Ausgabe 11/2009
Der falsche Weg
FDP-Anhänger in Sachsen
Am 9. November hat das Bundeskabinett die ersten Steuersenkungen auf den Weg gebracht. Eltern, Erben und Unternehmen sind bei den Ersten, die entlastet werden sollen. Eins haben sie gemeinsam: In erster Linie profitieren eher Besserverdienende. Beispiel Kinderfreibetrag. Von 6024 Euro jährlich soll er ab 2010 auf 7008 Euro angehoben werden. Damit auch Eltern mit niedrigen und mittleren Einkommen im kommenden Jahr mehr Geld in der Tasche haben, steigt das Kindergeld um 20 Euro pro Monat. Da allerdings das Kindergeld auf Leistungen nach dem Hartz-IV-Gesetz angerechnet wird, haben Familien am unteren Ende der Einkommensskala nichts von diesen Wohltaten der neuen Regierung. Dennoch werden 4,6 Milliarden Euro im Staatshaushalt fehlen.
Freuen können sich hingegen die Unternehmer. Schon heute liegt bei der Besteuerung von Unternehmenserträgen Deutschland im Vergleich zu den 15 alten EU-Staaten mit 1,4 Prozent auf dem letzten Platz. Würde die Regierung sich dem Durchschnittswert in der Besteuerung von 2,3 Prozent annähern, wären pro Jahr 33 Milliarden Euro mehr in den öffentlichen Kassen. Trotzdem will die schwarz-gelbe Regierung mit Steuersenkungen im Wert von 2,4 Milliarden Euro die Unternehmenssteuerreform aus dem Jahr 2008 ändern. "Geld, welches in Infrastruktur, in Bildung, Gesundheit, in öffentliche Dienstleistungen fließen könnte. Das würde die Binnenwirtschaft, die Steuereinnahmen und die sozialen Sicherungssysteme stärken", heißt es in einer Stellungnahme des ver.di-Bundesvorstands zum schwarz-gelben Koalitionsvertrag.
Völlige Ahnungslosigkeit
"Grundsätzlich werden Unternehmen, Wohlhabende (Besserverdienende), Erben zusätzlich von Steuern befreit und weitere Entlastungen werden geprüft.
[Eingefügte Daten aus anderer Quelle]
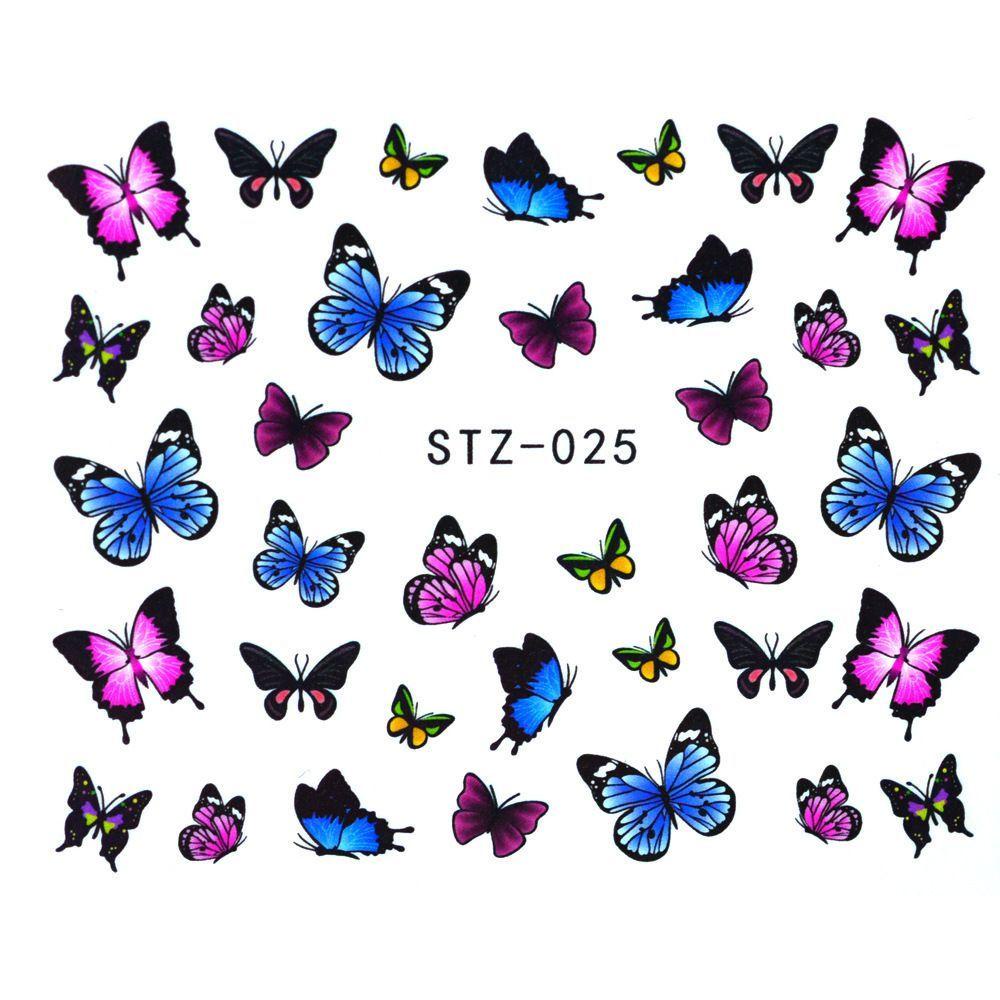 Agustina Nail Art 3D Full Wrap 30lembar Air Decals DIY Colorful Fashion Transfer Butterfly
Und das vor dem Hintergrund, dass die Gebietskörperschaften, die sozialen Sicherungssysteme als auch viele Bereiche der öffentlichen Daseinsvorsorge, öffentliche Infrastrukturbereiche unterfinanziert sind, und die Folgen der Krise weitere Risiken in sich bergen", heißt es dort weiter. Die steuerpolitischen Maßnahmen insgesamt zeugten von "völliger Ahnungslosigkeit oder Realitätsverleugnung bezüglich der Krise und ihrer Ursachen. Denn diese bestanden doch nicht in mangelnder Leistungsbereitschaft oder zu hohen Steuern, sondern im Gegenteil in der zunehmenden Konzentration Anlage suchenden Kapitals einerseits und unzureichender Massenkaufkraft andererseits sowie Deregulierung".
Auch die vereinbarte Erhöhung des Schonvermögens für Bezieher/innen von Arbeitslosengeld II entpuppe sich bei näherem Hinsehen als "Blödsinn", schreibt der ver.di-Bundesvorstand. Er rechnet damit, dass die neue Regelung für maximal 0,5 Prozent der Betroffenen Vorteile bringt, weil sie nicht die normalen Ersparnisse erfasst, sondern Immobilien und Rentenversicherungen. Das zeige, dass sich hier die Lobbyisten aus der Versicherungswirtschaft durchgesetzt haben. Und die Ausweitung der Hinzuverdienstmöglichkeiten für Arbeitslosengeld-II-Bezieher/innen erleichtere die Lohndrückerei. Außerdem belaste sie die öffentlichen Haushalte, weil mehr Menschen Anspruch auf staatliche Leistungen bekommen.
Der ver.di-Vorsitzende Frank Bsirske warnt angesichts der Koalitionsbeschlüsse vor einer "gefährlichen Entstaatlichung und einer Schwächung des gesellschaftlichen Zusammenhalts". Profit werde vor Gemeinwohl gestellt, Bund, Ländern und Kommunen systematisch weitere Mittel für dringend notwendige Investitionen entzogen.
Die 36-seitige Stellungnahme des ver.di-Bundesvorstands kann im Internet unter www.verdi.de/politik_von_a_bis_z/regierungskoalition heruntergeladen werden.